The Claims extracted from the 1930 US Census for my great Uncle Carl Mieding are as follows:
If you are interested in looking at the spreadsheet file (both the template and the sheet for Carl E. Mieding), you can download it (https://dl.dropboxusercontent.com/u/6904113/Claims%20Template%20-%201930%20US%20Census.xlsx) and open it with your spreadsheet software. That will give you access to all the formulas for computing the Claims. Note that many of the data fields in the Template are already filled with 0 (zero). Those formulas in those data fields are set to return a blank Claim if other data is not entered into the cell. You will also note that data entry for a number of the fields is related to a box below the entry cells.

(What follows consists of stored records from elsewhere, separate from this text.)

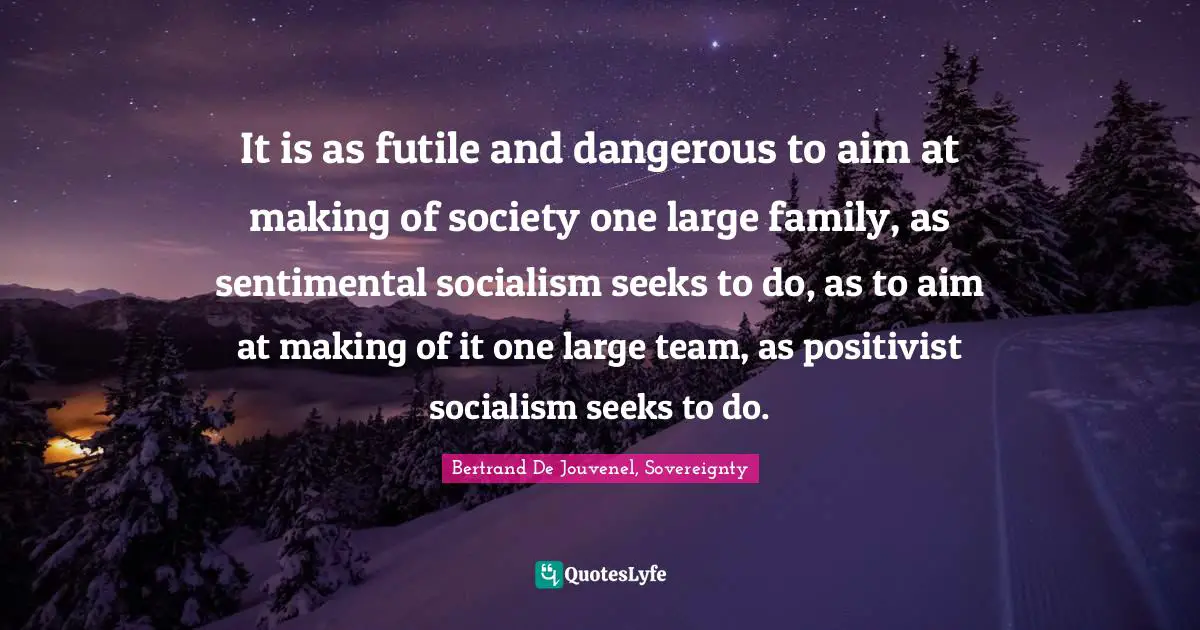 It is as futile and dangerous to aim at making of society one large family, as sentimental socialism seeks to do, as to aim at making of it one large team, as positivist socialism seeks to do.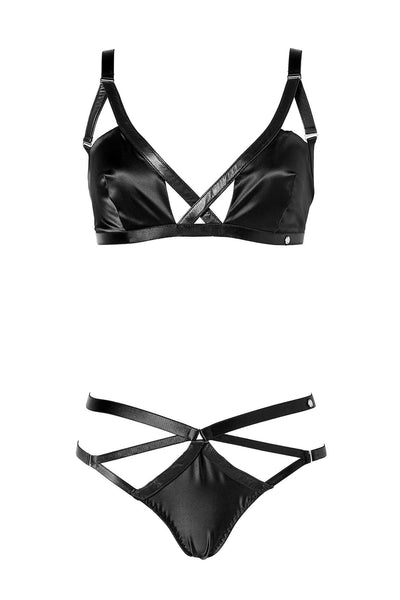Jade Ouvert Open Brief Set • Something Wicked Satin Leather Lingerie–  Darkest Fox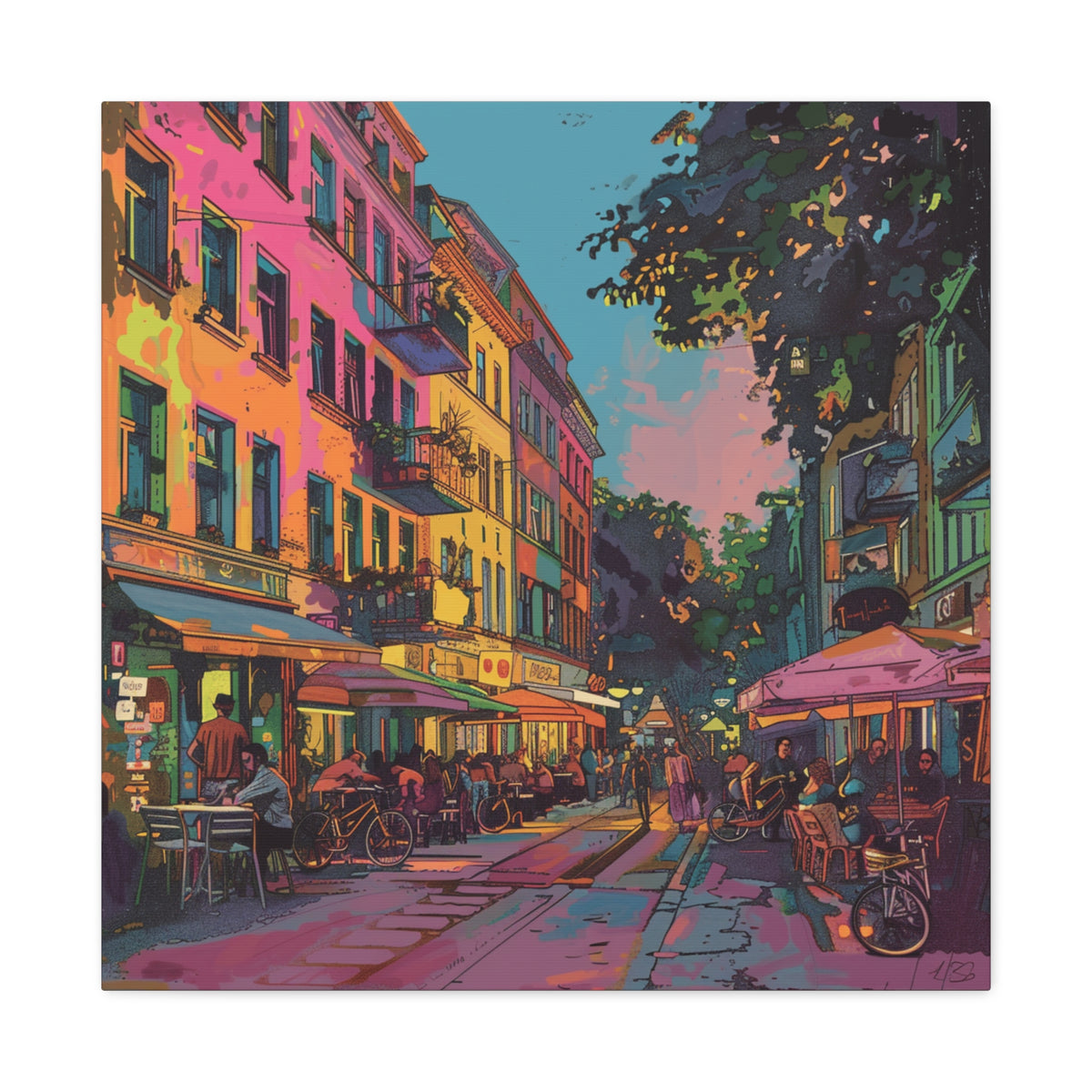 Berlin Kreuzberg neighbourhood - Vibrant European Street Cafe Canvas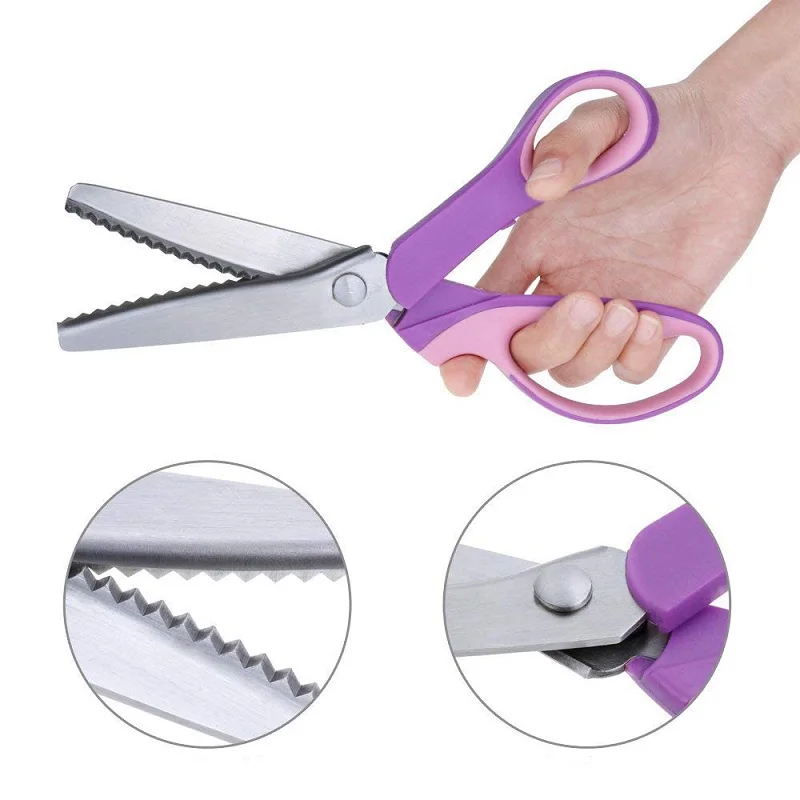 Professional Stainless Steel Dressmaking Sewing Craft ScissorsTriangular & Semicircular Serrated, 9.3 inches Handled Pinking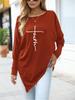 Women's Oversize Long-Sleeve Spring/Fall Asymmetrical Hem T-Shirt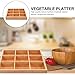 DOITOOL Wood Serving Tray Divided Serving Platter 9- Compartment Organizer Tray Wood Food Server Snack Candy Tray Sushi Platter for Party
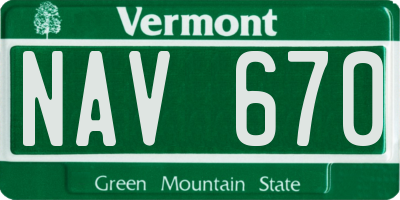 VT license plate NAV670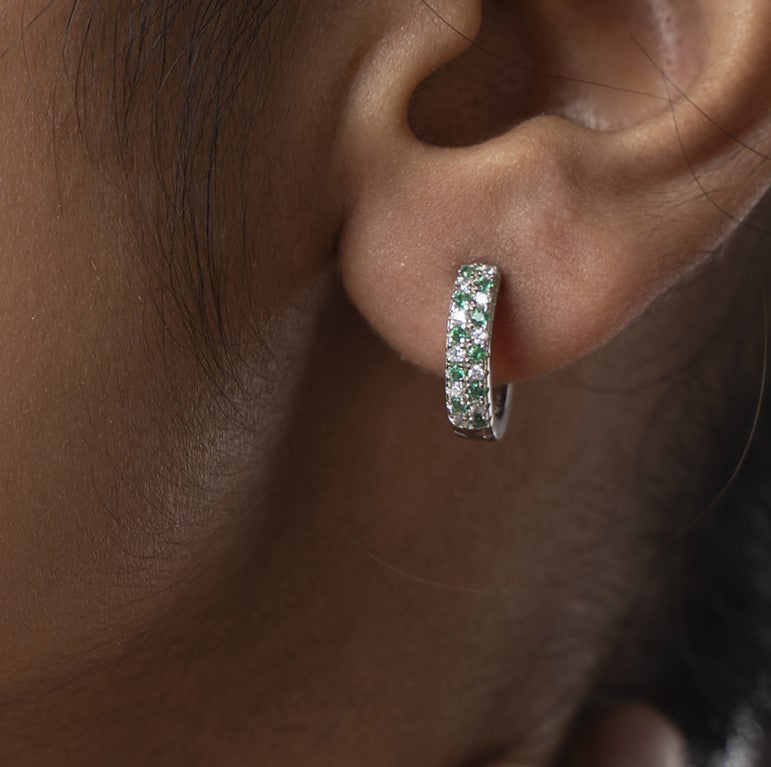 Rhodium-Plated 92.5 Sterling Silver CZ Hoop Earrings | 10886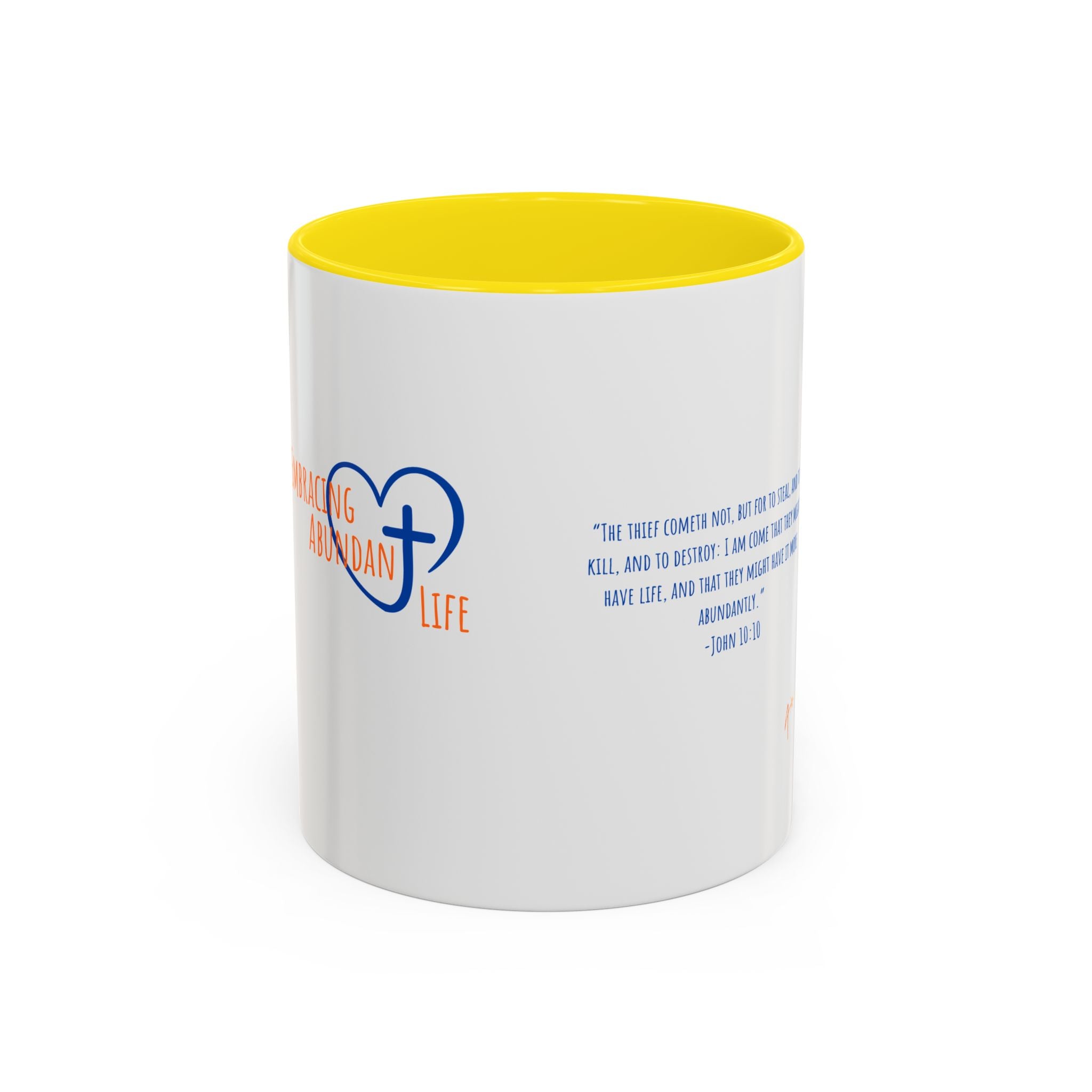 Christian Faith Coffee Mug — 'Embracing Abundant Life' Accent 11/15oz Inspirational Scripture Gift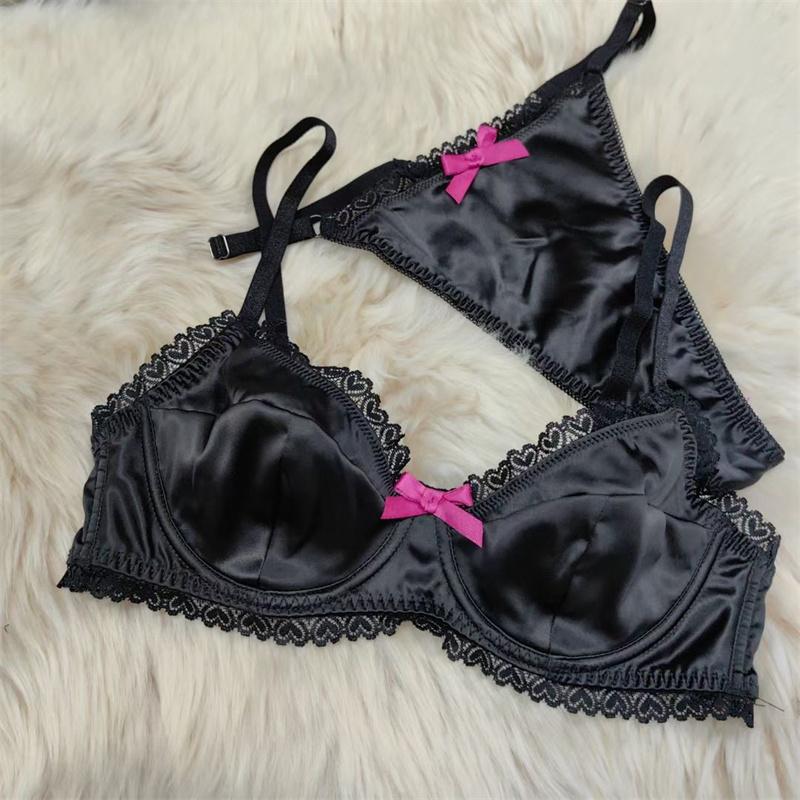 French Ice Silk Underwear Set for Women Sexy Ultra Thin Push Up Bra Set High Quality Comfort Lingerie Brassiere and Thongs Sets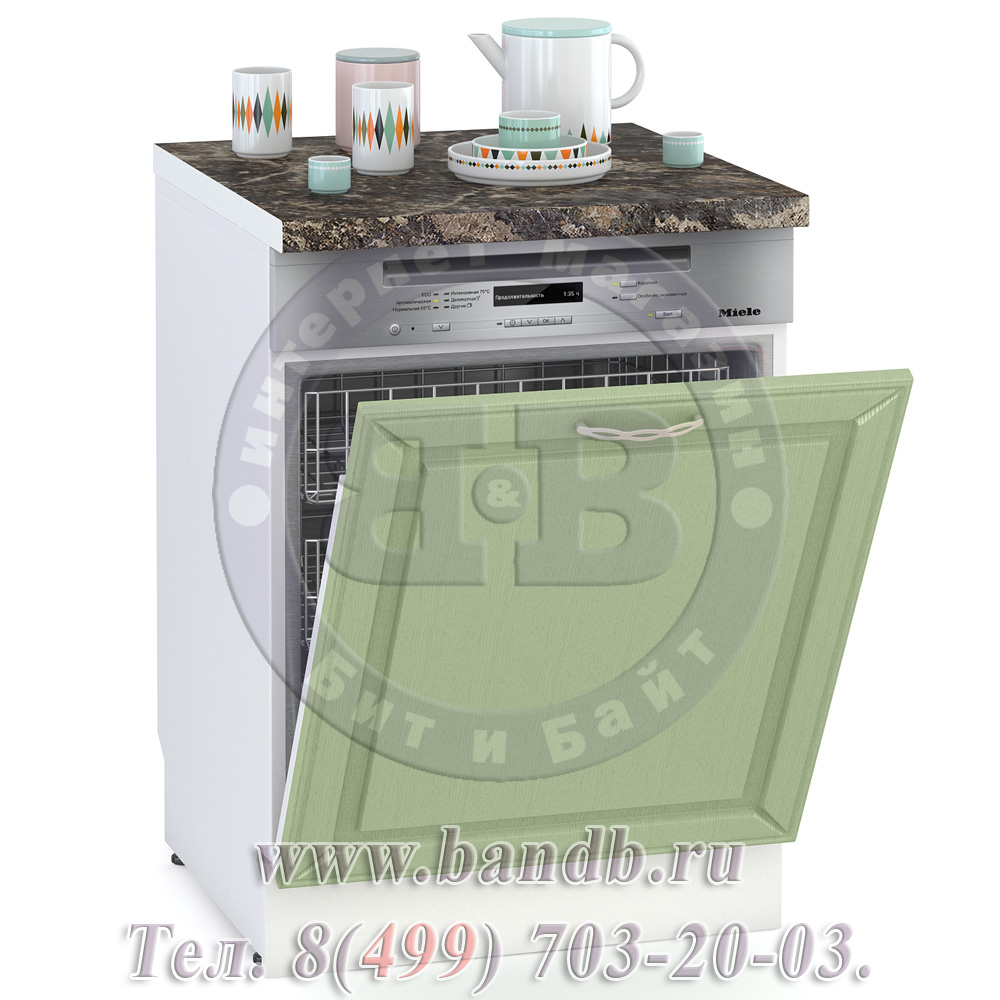 Кухня Маргарита фисташка структурная Панель для посудомоечной машины 600 Картинка № 2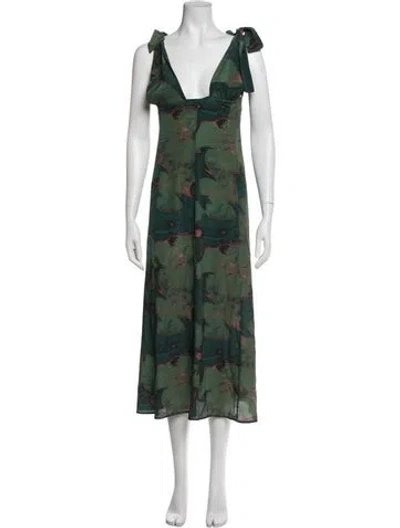 Pre-owned Stone Cold Fox Silk Midi Length Dress In Green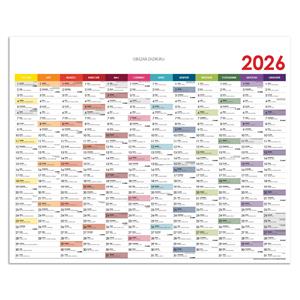 Wall planning map 2026 PL - 124 x 100 cm - color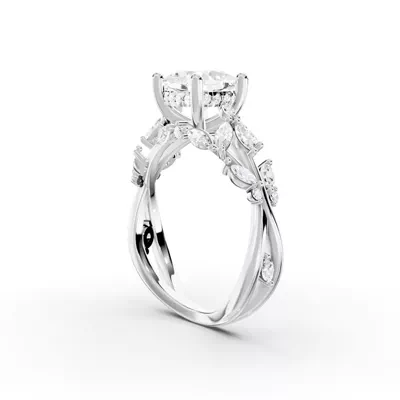 Butterfly And Bee Vine Twist Lab Engagement Ring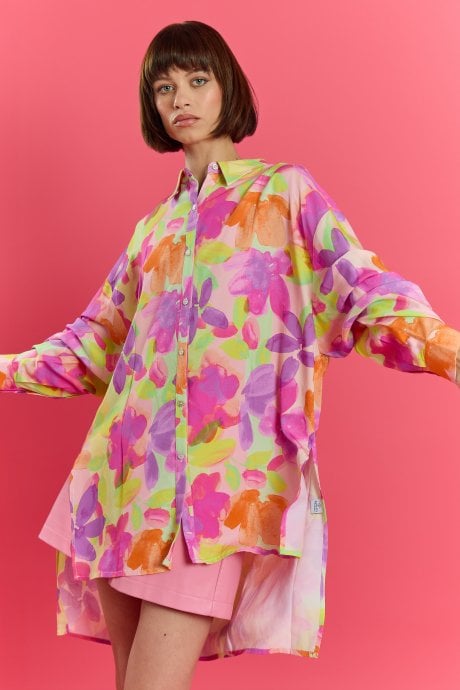 Sustainable Rose Petal Shirt Dress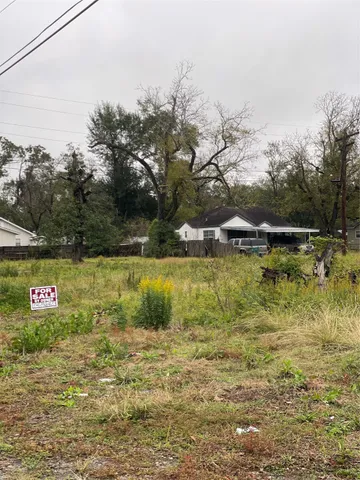 a view of a field with trees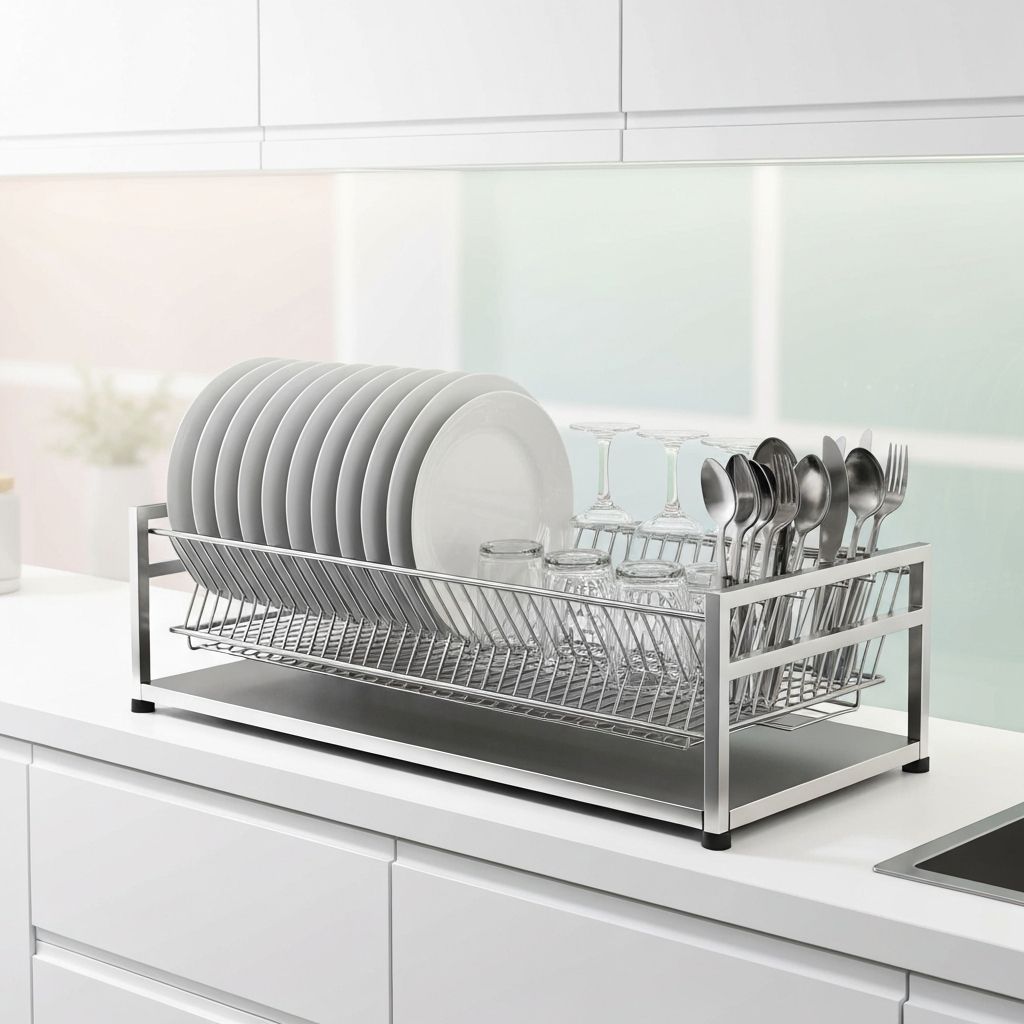 Escurridor de platos multifuncional de acero en una cocina moderna
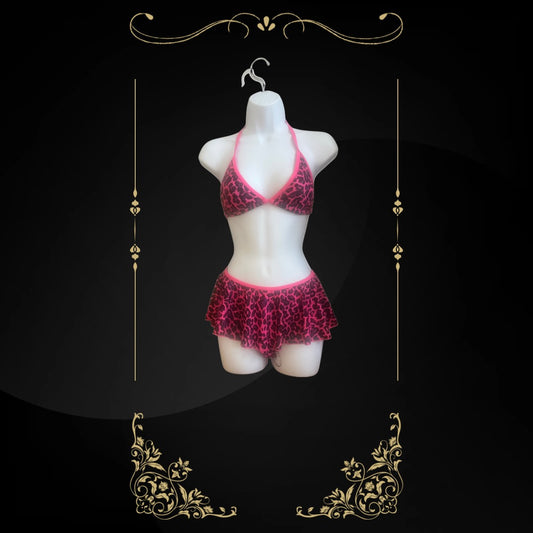 Hot Pink Cheetah Skirt Set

The separate text list of formulas for Claim Extraction Templates is:
The separate text list of formulas for Claim Extraction Templates is found at (https://dl.dropboxusercontent.com/u/6904113/Census%20Claim%20Template%20Formulas%20(1930%20US%20Census).txt); the text list of Claim Types (assignment of Subjects and Types) is found at (https://dl.dropboxusercontent.com/u/6904113/!!!Census%20Claim-type%20Formulas%20(1930%20US%20Census).txt).
As I review and revise the rest of the US Census Claim Extraction Templates I will post them.
I am finding that the development of the formulas for each record set takes time. Once done, however, it is a simple matter of highlight, cut, and paste the resulting extracted Claims into Evidentia (along with the assignmet of Subjects and Types). Thanks to Paul Harris, Kevin Grooms, and all the members of the Google+ Evidentia Community who shared in the discussion.